Stormwater, or the surface water runoff from rain, is normally safe to use in a variety of application. In Australia, urban planners design drainage systems to collect stormwater for commercial, industrial and even domestic use. These are separate from the sewage systems which collect and divert grey and black water waste to treatment plants. Stormwater drains don’t pass through treatment and sanitation; they flow directly to the catch basins and the sea.
Unfortunately, stormwater runoff in urban areas carries with it debris, oil, grease and other pollutants from the streets. In many cities, food businesses and auto services compound this problem.
Contributors to Stormwater Pollution
According to The EPA Information Centre of Victoria, auto detailers and car yards contribute to stormwater pollution what with the oil and grease spills, paint, thinners, metals and other wastes from car repairing and detailing. These spills and wastes are minimal at a glance, but their accumulated volume can be significant.

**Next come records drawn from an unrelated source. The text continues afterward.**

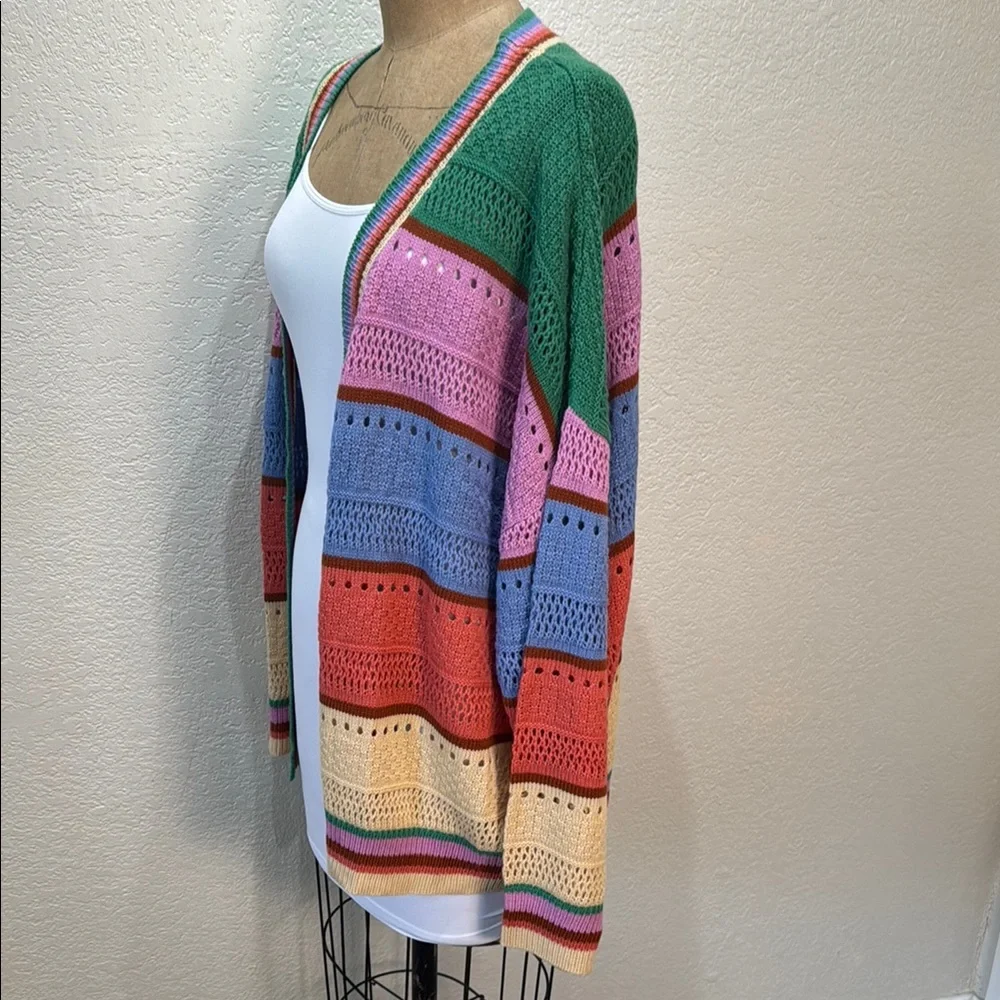 Sage + Fig Women's Medium Colorful Striped Open Front Cardigan Sweater NWT - Picture 8 of 10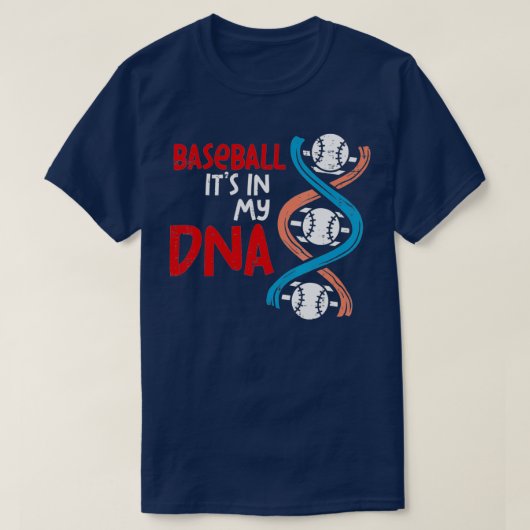 私のDNAコーチのチームおもしろい選手の男性のWomで野球 Tシャツ (デザイン正面)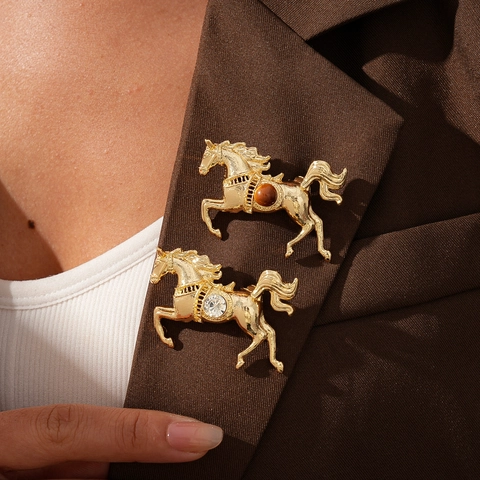 Spilla A Forma Di Cavallo Lega Strass Resina Forma Animale Vintage Moda Accessori Per Risvolto Da Donna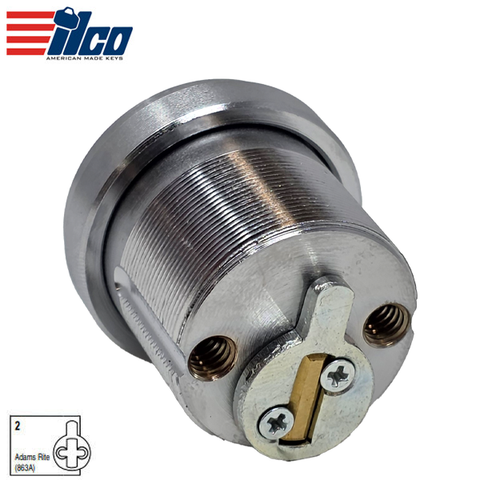 Ilco - R28106 - 1 1/4" - SFIC Small Format IC Core - Thin Head Mortise Cylinder - Adams Rite Cam  - Satin Chrome - 6-Pin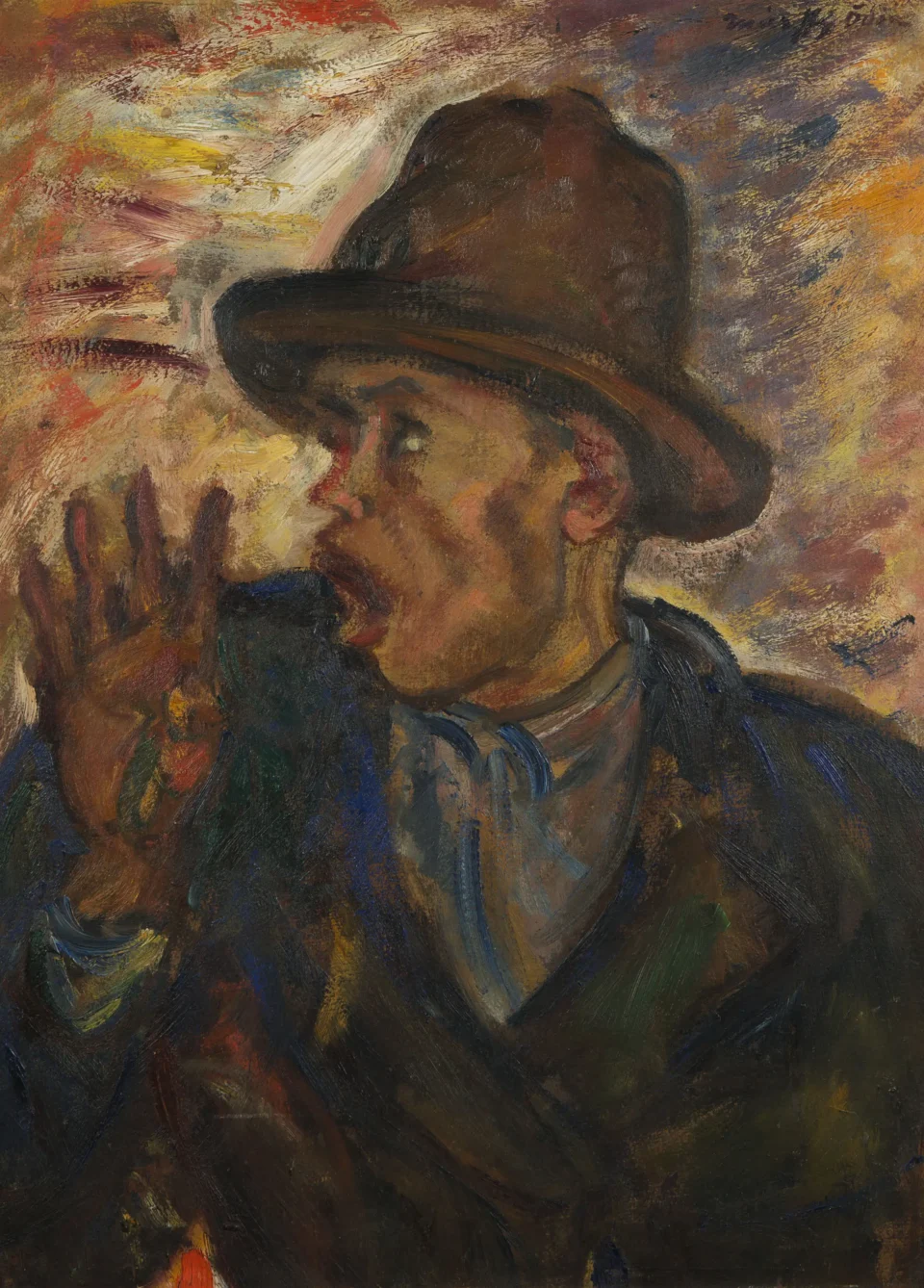 Portrait d’homme au chapeau, circa 1917 - Odon MARFFY  (1878-1959) <br>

Food establishments deal with used oil and spoiled food on a daily basis. Although they store and dispose of waste through authorised collectors, they are not completely spill-free. Oil spills on the kitchen floor can find their way to the streets after routine cleanings.
Prevention is Possible
Food businesses and auto services can reduce oil spills and grease waste by strictly implementing collection and storage SOPs. Furthermore, they keep in stock kits and materials for oil spill control such as absorbent pads and absorbent booms. If accidental spills occur, like someone knocking over a bottle of cooking oil or a can of petrol, businesses can immediately contain and clean-up the mess.
Keeping stormwater systems as clean as possible is a concern not only for the government but the entire community. For food businesses and auto services, a concerted effort to avoid, reduce and contain grease and oil spills can go a long way to minimising pollution in stormwater systems.